Despite strengthening U.S. natural gas prices, Henry Hub futures prices are still trading at steep discounts to prices in Asia and Europe (Figure 1). In September, the LNG spot price in Asia averaged $23.35/MMBtu, and the price at Europe’s TTF benchmark in the Netherlands averaged $23.02/MMBtu. That compares with an average Henry Hub spot price of $5.16/MMBtu. The price differential contributes to upward price pressure for U.S. natural gas and has led to record volumes of U.S. LNG exports to Asian and European destinations.
Working U.S. natural gas inventories are projected to reach 3.6 trillion cubic feet at the end of October, or 5% below the five-year average (Figure 2). Under the baseline temperature scenario for winter 2021-22, EIA expects inventory draws to outpace the five-year average, depleting U.S. stocks to below 1.5 Tcf by the end of March, which would be 12% below the five-year seasonal average. U.S. LNG exports are forecast to average a record 10.7 Bcf/d this winter, a 19% (1.7 Bcf/d) increase from last winter.

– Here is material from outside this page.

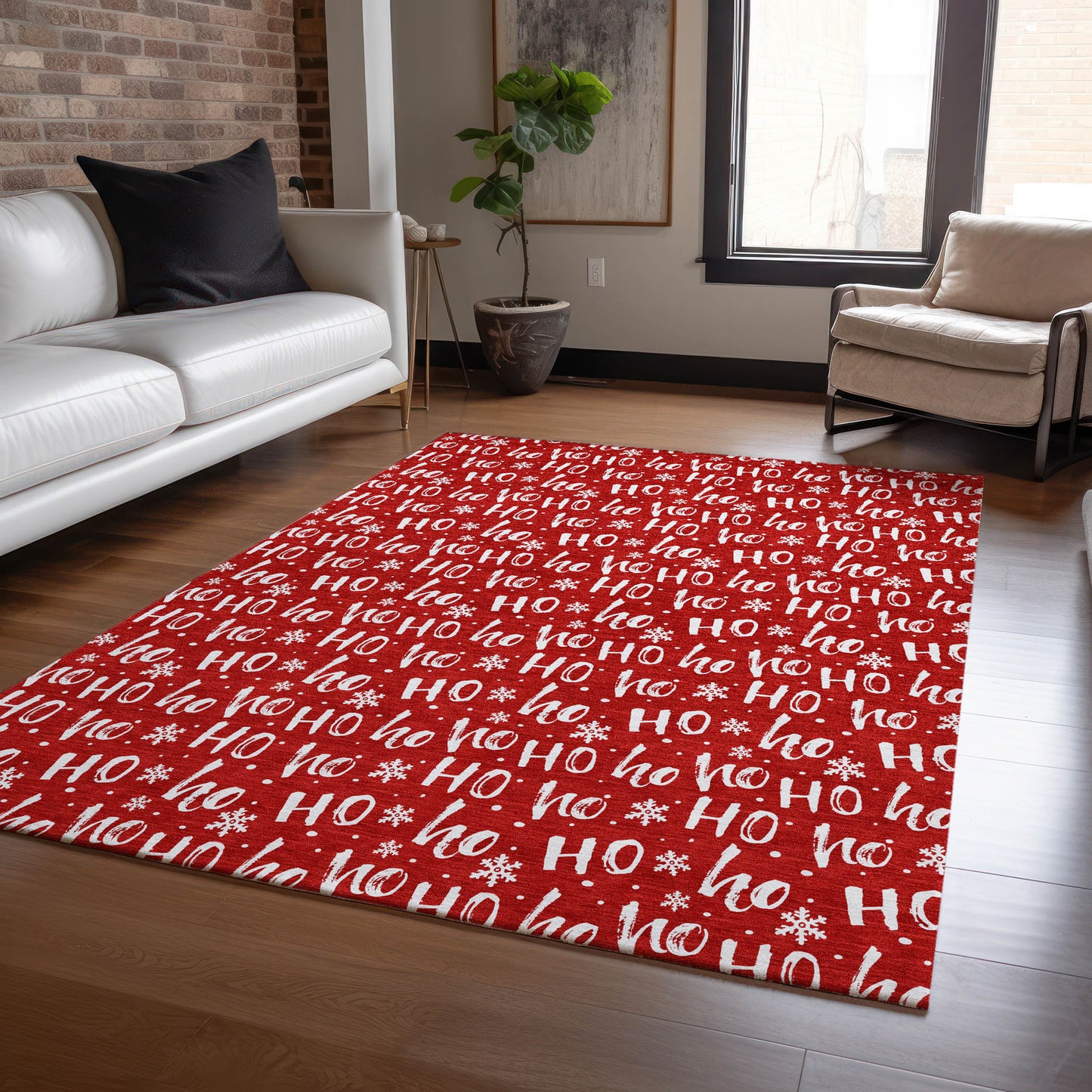 Addison Rugs Chantille ACN1814RD 8 x 10 (ft) Loomed Red Rectangular Indoor/Outdoor Machine washable Pet Friendly Area rug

Should winter temperatures average 10% colder than forecast, natural gas inventories would end the heating season in March at less than 1.0 Tcf, or 44% below the five-year average, driving Henry Hub spot prices significantly higher than baseline forecast levels.
The global LNG price rally is increasing the economic incentive to switch from natural gas to oil in power generation where feasible. Steep carbon regulations and operational constraints limit Europe’s ability to burn oil in power plants, but Asia has more flexibility, according to a report from Rystad Energy. If the gap between LNG and oil prices remains wide, Asia is set to boost oil demand by 400,000 bbl/d on average over the next two quarters, adding fundamental support to already strong global oil prices.
Asia’s liquid-burning capacity for power generation has declined over the past 10 years, but is still about 100 gigawatts, mostly in Japan, Taiwan, Indonesia, Bangladesh and Pakistan, according to Claudio Galimberti, senior vice president on Rystad Energy’s oil markets team.
Asia’s current oil consumption for power generation fluctuates at around 900,000 bbl/d, which leaves a monthly unused and available oil-burning capacity of 550,000 bbl/d. With the continent expected to add 400,000 bbl/d on average in the next six months, utilization of the oil-burning infrastructure will surge, the report says.
Of the 550,000 bbl/d potential uplift in demand, Japan would account for the lion’s share with more than 300,000 bbl/d, followed by Indonesia, Taiwan, Bangladesh and Pakistan, Galimberti relates. This assumes a load factor of 0.7 for all the liquid capacity, and also takes into account that some older natural gas plants can switch to oil temporarily.
“This is a significant increase for Asia, when looking at its current oil-to-power use. From a global oil balance perspective, this would be a significant shift, and it provides support to the current rally in oil prices,” Galimberti remarks.
Asian natural gas prices are forecast to hold well above $20/MMBtu over the coming winter, creating clear upside for oil demand in the region, unless oil prices increase even faster and cause the price spread to LNG to narrow, Galimberti says.
Liquid-burning power plant capacity is approximately 2.6% of the total installed capacity in Asia, but actual power generation coming from liquids is usually lower, he explains. Pure liquids plants typically have very low utilization factors, both for economic and environmental reasons. Overall liquids generation in Asia only accounted for around 1% of total power generation last year, down from around 3% a decade earlier.